PROVIDED INFORMATION below:

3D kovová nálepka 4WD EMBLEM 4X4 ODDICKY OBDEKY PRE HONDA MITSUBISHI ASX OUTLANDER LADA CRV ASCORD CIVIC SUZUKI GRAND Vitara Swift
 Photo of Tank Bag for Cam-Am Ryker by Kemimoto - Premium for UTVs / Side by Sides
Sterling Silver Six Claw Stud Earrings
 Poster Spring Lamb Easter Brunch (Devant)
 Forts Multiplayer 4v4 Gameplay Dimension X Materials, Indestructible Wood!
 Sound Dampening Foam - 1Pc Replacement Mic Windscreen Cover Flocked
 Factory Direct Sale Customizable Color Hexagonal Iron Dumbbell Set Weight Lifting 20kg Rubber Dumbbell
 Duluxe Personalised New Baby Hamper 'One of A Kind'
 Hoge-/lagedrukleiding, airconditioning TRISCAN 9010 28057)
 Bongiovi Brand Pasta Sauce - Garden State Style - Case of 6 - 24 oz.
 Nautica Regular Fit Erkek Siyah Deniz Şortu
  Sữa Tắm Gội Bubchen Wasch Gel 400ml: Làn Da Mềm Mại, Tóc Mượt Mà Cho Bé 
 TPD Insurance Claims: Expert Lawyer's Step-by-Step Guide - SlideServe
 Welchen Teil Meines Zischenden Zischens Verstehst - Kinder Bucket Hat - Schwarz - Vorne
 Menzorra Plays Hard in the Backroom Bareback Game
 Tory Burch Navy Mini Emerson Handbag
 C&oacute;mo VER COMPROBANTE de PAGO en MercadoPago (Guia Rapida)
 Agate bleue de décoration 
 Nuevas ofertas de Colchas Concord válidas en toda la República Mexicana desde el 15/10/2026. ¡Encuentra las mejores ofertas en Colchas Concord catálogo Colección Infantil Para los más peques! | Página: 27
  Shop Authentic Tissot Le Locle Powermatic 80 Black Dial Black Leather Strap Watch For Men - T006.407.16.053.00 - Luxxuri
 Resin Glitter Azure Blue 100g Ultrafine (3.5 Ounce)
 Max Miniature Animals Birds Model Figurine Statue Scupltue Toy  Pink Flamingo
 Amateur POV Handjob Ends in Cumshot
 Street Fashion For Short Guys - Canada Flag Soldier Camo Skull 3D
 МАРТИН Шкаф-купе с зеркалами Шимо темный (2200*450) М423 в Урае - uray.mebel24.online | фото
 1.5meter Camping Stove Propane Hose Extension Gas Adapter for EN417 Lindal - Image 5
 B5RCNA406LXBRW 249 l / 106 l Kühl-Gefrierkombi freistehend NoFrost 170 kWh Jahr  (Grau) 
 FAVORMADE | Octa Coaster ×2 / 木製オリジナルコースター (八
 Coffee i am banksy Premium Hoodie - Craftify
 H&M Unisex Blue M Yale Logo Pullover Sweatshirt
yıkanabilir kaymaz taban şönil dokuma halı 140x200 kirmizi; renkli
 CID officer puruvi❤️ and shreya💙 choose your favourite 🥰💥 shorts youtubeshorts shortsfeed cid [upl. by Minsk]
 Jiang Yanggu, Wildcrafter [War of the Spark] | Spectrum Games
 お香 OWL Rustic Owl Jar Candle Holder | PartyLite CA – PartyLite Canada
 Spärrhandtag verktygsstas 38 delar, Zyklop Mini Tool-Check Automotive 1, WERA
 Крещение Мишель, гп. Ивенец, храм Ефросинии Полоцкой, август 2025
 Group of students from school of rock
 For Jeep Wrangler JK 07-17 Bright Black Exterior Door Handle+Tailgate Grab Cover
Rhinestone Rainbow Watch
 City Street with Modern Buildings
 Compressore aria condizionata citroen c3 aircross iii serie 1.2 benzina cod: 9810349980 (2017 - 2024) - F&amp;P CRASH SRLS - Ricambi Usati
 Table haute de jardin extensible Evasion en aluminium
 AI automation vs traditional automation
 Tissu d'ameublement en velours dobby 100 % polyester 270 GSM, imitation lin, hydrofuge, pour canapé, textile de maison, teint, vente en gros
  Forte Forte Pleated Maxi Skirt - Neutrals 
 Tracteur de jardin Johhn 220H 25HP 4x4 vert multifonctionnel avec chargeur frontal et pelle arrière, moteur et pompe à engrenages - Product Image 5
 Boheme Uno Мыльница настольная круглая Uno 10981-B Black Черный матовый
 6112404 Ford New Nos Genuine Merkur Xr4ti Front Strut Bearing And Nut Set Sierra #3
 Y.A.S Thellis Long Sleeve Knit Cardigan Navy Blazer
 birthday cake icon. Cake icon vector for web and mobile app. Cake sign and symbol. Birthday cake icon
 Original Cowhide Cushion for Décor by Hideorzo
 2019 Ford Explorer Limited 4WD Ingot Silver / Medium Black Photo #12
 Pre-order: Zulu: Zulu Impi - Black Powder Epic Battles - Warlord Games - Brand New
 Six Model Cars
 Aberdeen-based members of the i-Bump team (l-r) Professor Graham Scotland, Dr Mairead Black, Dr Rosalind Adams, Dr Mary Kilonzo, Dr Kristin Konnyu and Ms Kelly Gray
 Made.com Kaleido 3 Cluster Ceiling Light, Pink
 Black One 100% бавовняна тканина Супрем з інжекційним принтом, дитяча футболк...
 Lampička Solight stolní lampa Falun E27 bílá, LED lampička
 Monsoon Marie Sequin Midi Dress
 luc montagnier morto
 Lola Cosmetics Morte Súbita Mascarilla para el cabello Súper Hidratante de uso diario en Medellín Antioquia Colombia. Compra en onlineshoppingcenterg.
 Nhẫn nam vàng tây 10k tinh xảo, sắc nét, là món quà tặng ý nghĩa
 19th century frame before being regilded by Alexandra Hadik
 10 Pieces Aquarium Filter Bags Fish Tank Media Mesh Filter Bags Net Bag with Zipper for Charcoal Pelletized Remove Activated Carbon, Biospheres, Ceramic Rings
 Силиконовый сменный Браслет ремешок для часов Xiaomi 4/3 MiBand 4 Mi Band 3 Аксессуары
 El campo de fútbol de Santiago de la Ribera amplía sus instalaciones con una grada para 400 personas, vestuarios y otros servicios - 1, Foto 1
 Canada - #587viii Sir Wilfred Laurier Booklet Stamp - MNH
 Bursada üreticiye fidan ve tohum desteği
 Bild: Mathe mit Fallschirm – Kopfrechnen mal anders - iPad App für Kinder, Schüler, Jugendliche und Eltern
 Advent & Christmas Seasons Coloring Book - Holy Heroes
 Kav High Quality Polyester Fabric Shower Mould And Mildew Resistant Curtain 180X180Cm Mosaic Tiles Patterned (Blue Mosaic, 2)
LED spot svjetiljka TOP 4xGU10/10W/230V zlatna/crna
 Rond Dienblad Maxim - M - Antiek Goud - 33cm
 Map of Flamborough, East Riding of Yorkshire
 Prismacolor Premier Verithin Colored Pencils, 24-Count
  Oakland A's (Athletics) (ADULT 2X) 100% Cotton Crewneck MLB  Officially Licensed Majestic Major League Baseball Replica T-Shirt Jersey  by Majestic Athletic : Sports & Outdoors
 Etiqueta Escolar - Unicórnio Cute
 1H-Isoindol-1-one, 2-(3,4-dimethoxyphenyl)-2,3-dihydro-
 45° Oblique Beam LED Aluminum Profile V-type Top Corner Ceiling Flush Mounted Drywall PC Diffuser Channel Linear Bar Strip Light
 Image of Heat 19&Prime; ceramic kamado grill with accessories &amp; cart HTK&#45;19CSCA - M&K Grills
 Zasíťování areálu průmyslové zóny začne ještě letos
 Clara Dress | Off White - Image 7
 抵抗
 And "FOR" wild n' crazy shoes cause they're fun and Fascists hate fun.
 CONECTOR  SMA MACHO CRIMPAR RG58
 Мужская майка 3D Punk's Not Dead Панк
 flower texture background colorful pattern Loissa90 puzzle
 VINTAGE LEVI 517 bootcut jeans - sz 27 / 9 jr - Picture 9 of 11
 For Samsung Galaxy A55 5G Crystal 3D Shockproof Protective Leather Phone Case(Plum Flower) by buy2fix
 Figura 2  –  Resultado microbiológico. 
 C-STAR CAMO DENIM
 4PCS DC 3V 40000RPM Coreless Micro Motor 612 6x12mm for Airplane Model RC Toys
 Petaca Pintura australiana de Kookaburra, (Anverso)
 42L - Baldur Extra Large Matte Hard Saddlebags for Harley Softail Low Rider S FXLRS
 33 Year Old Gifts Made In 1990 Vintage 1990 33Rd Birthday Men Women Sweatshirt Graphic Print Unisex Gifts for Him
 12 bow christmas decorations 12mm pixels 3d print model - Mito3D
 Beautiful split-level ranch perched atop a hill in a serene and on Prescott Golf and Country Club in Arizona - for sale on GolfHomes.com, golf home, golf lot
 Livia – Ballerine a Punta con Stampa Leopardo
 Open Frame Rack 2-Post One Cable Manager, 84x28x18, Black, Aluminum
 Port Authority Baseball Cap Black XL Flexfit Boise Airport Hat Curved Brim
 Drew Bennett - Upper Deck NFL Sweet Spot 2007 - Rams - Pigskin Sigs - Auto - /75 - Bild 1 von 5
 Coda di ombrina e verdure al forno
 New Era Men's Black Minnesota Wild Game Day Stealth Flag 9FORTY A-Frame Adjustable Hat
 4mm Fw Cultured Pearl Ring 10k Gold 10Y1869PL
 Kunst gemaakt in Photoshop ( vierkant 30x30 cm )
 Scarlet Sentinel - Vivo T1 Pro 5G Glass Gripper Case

End of PROVIDED INFORMATION.

■ WHAT THE EXERCISE ASKS
Once the line that contains "42L - Baldur" is found, please give it again exactly, along with each line that comes after it, through the last line of the entries.

■ RESPONSE AREA
 42L - Baldur Extra Large Matte Hard Saddlebags for Harley Softail Low Rider S FXLRS
 33 Year Old Gifts Made In 1990 Vintage 1990 33Rd Birthday Men Women Sweatshirt Graphic Print Unisex Gifts for Him
 12 bow christmas decorations 12mm pixels 3d print model - Mito3D
 Beautiful split-level ranch perched atop a hill in a serene and on Prescott Golf and Country Club in Arizona - for sale on GolfHomes.com, golf home, golf lot
 Livia – Ballerine a Punta con Stampa Leopardo
 Open Frame Rack 2-Post One Cable Manager, 84x28x18, Black, Aluminum
 Port Authority Baseball Cap Black XL Flexfit Boise Airport Hat Curved Brim
 Drew Bennett - Upper Deck NFL Sweet Spot 2007 - Rams - Pigskin Sigs - Auto - /75 - Bild 1 von 5
 Coda di ombrina e verdure al forno
 New Era Men's Black Minnesota Wild Game Day Stealth Flag 9FORTY A-Frame Adjustable Hat
 4mm Fw Cultured Pearl Ring 10k Gold 10Y1869PL
 Kunst gemaakt in Photoshop ( vierkant 30x30 cm )
 Scarlet Sentinel - Vivo T1 Pro 5G Glass Gripper Case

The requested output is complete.